Traditionally it’s the governing party that’s found wanting when it comes to being caught with their hands in the till – rarely the opposition leaders.
That’s because we always expected the opposition to be the ones who lead the charge to hold the government to account.
They are the ones who shout the loudest when the party in power fails the electorate and always demand the best for the those who elected them into government.
The events of the past few weeks, when leaders of the Democratic Alliance and the Economic Freedom Fighters, the two main opposition parties, were found on the wrong side of ethical conduct, have dented confidence in them.
We read with disappointment how watchdog leaders hogged headlines for two successive weeks – for all the wrong reasons.
An alleged gift of a car from the controversial former Steinhoff chief executive officer Markus Jooste and a donated-cum-rented house for the DA’s Mmusi Maimane.
An expensive car allegedly bought with money stolen from the poor via a VBS bank looting spree and a Gupta-styled wedding for the EFF’s second-in-charge, Floyd Shivambu.
While “Mr Clean” Maimane surprised many with the “rented” car and house, the same cannot be said of the EFF, which was corrupt even before it was born: its very establishment was bankrolled by a man associated with illicit cigarette trading where tax dodging was the norm.
Added to that, EFF leader Julius Malema’s tenderpreneurship escapades in Limpopo are well recorded.
They may have denied, as could be expected, but that does not change the public perception that they are as corrupt as the ANC they always criticise.
With these accusations hanging over their heads, you get a clear impression that, once given power, they would abuse it like the ANC has been doing for so long.
Indications are that the ongoing corruption by government would be nothing compared with what it would be under the EFF should it assume power in years to come.
I am not sure if the DA will ever get power, looking at how its support dropped in the May election after enjoying a steady rise in successive elections since 1994.
The main opposition parties may not be in power in the true sense of the word, but they hold shadow power. Their leaders are influential in their constituencies and their members listen to and do what those leaders say.

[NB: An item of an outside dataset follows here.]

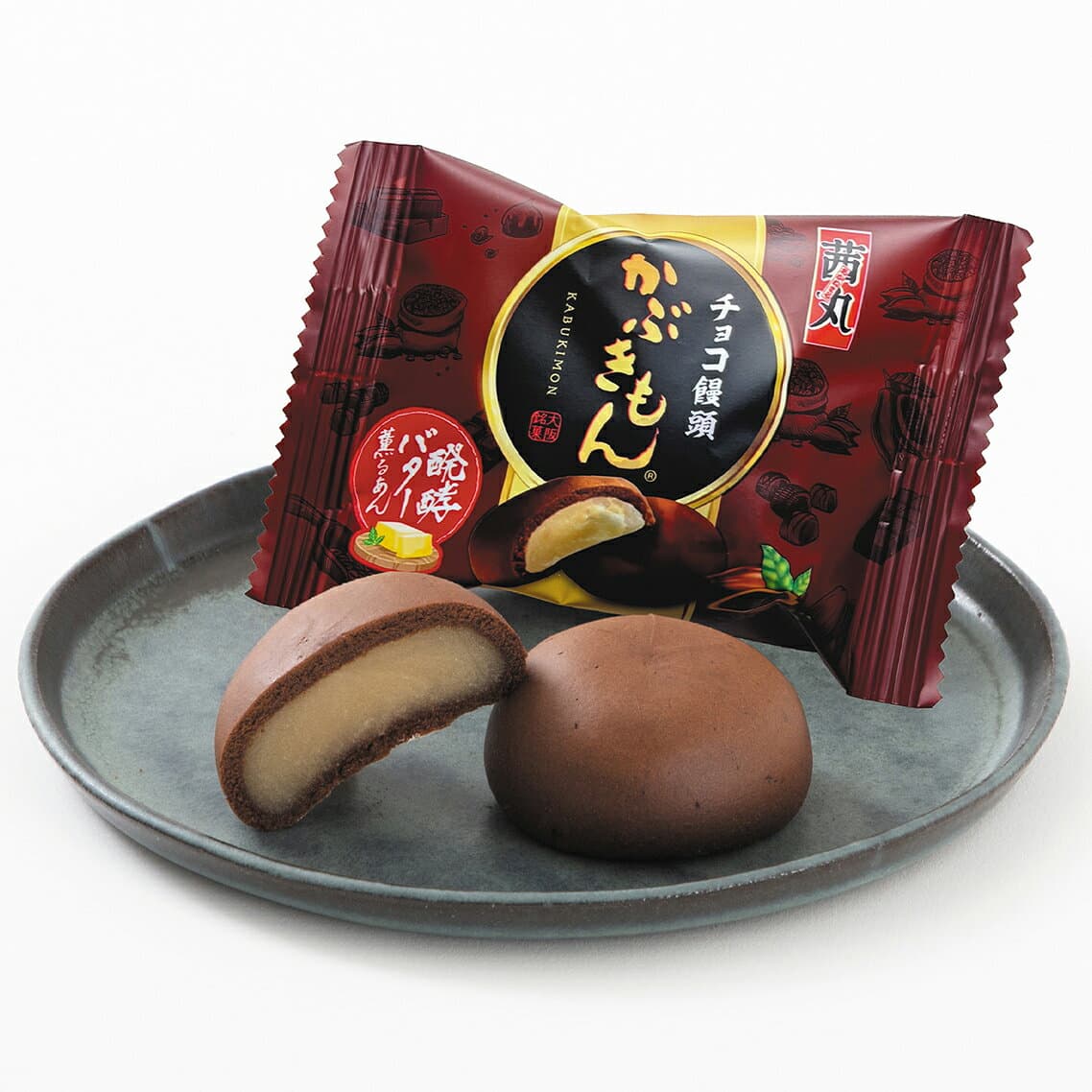 ＼ポイント5倍／ 茜丸 チョコ饅頭かぶきもん（バラ・家庭用） 饅頭 和菓子 濃厚ミルクあん チョコレート まんじゅう あんこ お菓子 おやつ 家庭用※熨斗不可 thumbnail 2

Besides, their salaries and perks are funded by the taxpayer and so is their constituency work and election campaigns.
Accountability should not only be confined to the governing party, but all political parties.
All the opposition leaders should be held to the highest standards of accountability in the same manner as the president of the country.
We can also blame the current party list-based electoral system used to elect public representatives since 1994. In terms of the proportional representation system, which all the major parties support, except smaller ones like Cope, elected members do not account to the electorate but their respective political parties.
This country needs to get rid of this system and allow one where the voters will decide who must be elected and form a government.
Those same voters would decide to remove those they feel are not doing what they want – and that is democracy.